We will perform statistical analysis according to Cochrane guidelines for diagnostic test accuracy (DTA) reviews (Macaskill 2010). We will include studies reporting sufficient data that allows for the construction of a 2 × 2 table and also studies that only reported the Pearson correlation coefficients to describe the relationship between TcB and TsB measurements. The data from the 2 × 2 tables will be used to calculate sensitivity and specificity for each study and also meta‐analysis of sensitivities and specificities where appropriate using the bivariate model if the same threshold for positivity was used. According to the bivariate method we will calculate overall sensitivity and specificity and their 95% confidence intervals (CIs), based on the binomial distributions of the true positives and true negatives (Reitsma 2005). However, we anticipate that studies will use multiple thresholds, both between studies and within individual studies. If data with more than one positive threshold is reported within a study, we will extract the relevant data and present the findings graphically for each threshold. We will perform meta‐analysis with the most common threshold where appropriate; and fit a summary receiver operating characteristic (ROC) curve using a bivariate random‐effects model (Reitsma 2005). We will use the latest version of the Review Manager (RevMan) software to graphically present coupled forest plots, showing the pairs of sensitivity and specificity (and their 95% CIs) of each study, for each threshold. We will also present coupled forest plots of the Pearson correlation coefficients across studies where relevant, to allow basic visual inspection of individual studies only. All indefinite results will be excluded from the analysis.
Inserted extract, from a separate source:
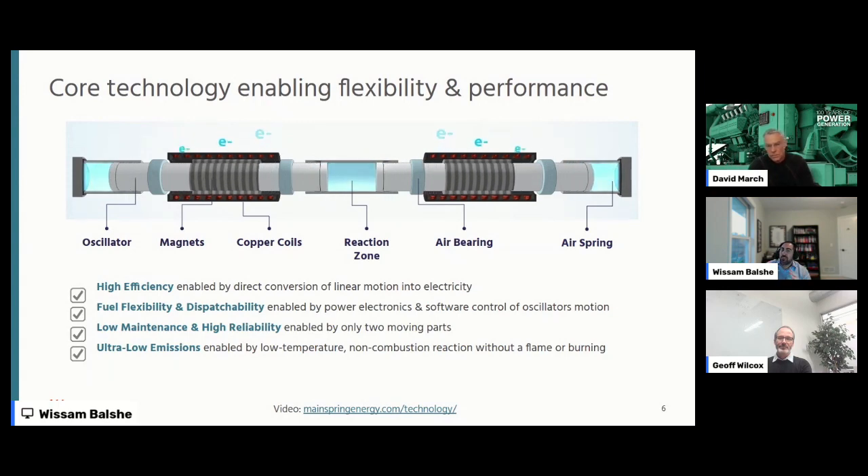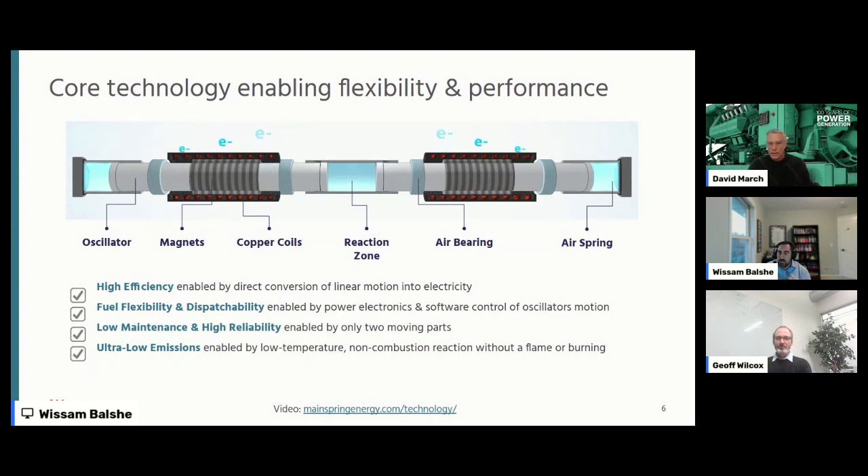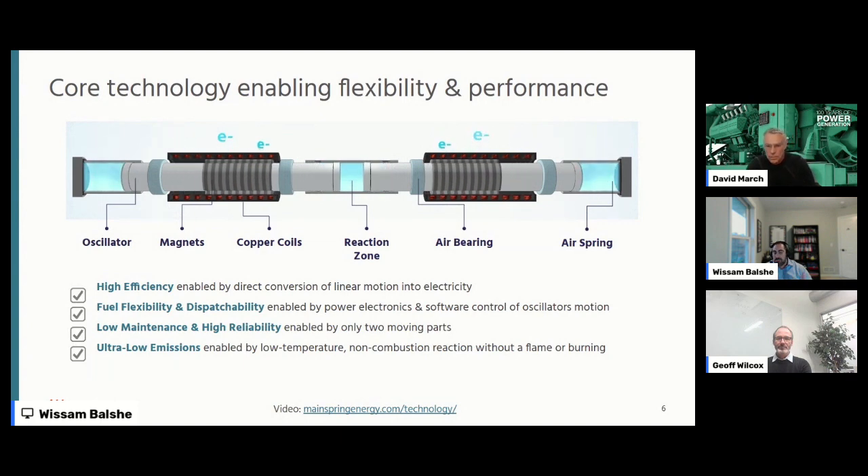The concept of a linear generator is not a new concept — there has been research and some attempts in the past. The main differentiation we have is how tightly we control the compression in the reaction zone. We have sensors and controls that, 20 or 30 years ago, the technology did not exist to support. This came out of research at Stanford. The founders of MainSpring — PhD students at Stanford — were trying to figure out how to develop a low-carbon, dispatchable, resilient on-site solution, and this is how they came up with this idea.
Investigations of heterogeneity

The investigation of heterogeneity will be performed through visual examination of both the ROC plot of raw data and the forest plots of sensitivities and specificities. We will formally investigate potential sources of heterogeneity other than threshold effect in bivariate models if we have a sufficient number of studies. By fitting the covariates in a bivariate regression model, we will investigate the following sources of heterogeneity in the diagnostic performance across studies: type of TcB meter; gestational age (term versus preterm infants); race or skin colour; prior use of phototherapy; and reference standard. We will investigate the effect of these covariates by conducting subgroup analyses in the latest version of the RevMan software and by including each of these factors as covariates in the bivariate regression model. A minimum of 10 studies will be needed per covariate included in the regression model.

Sensitivity analyses

We will perform sensitivity analyses on the different domains scored on the QUADAS‐2 tool, in order to explore the influence of the quality of the included studies. We will perform additional sensitivity analyses if other suitable factors are identified during the review process and any such analysis will be reported as 'post hoc' in the final review.

Assessment of reporting bias

We are not planning to use funnel plots to evaluate the impact of publication bias or other biases associated with small studies.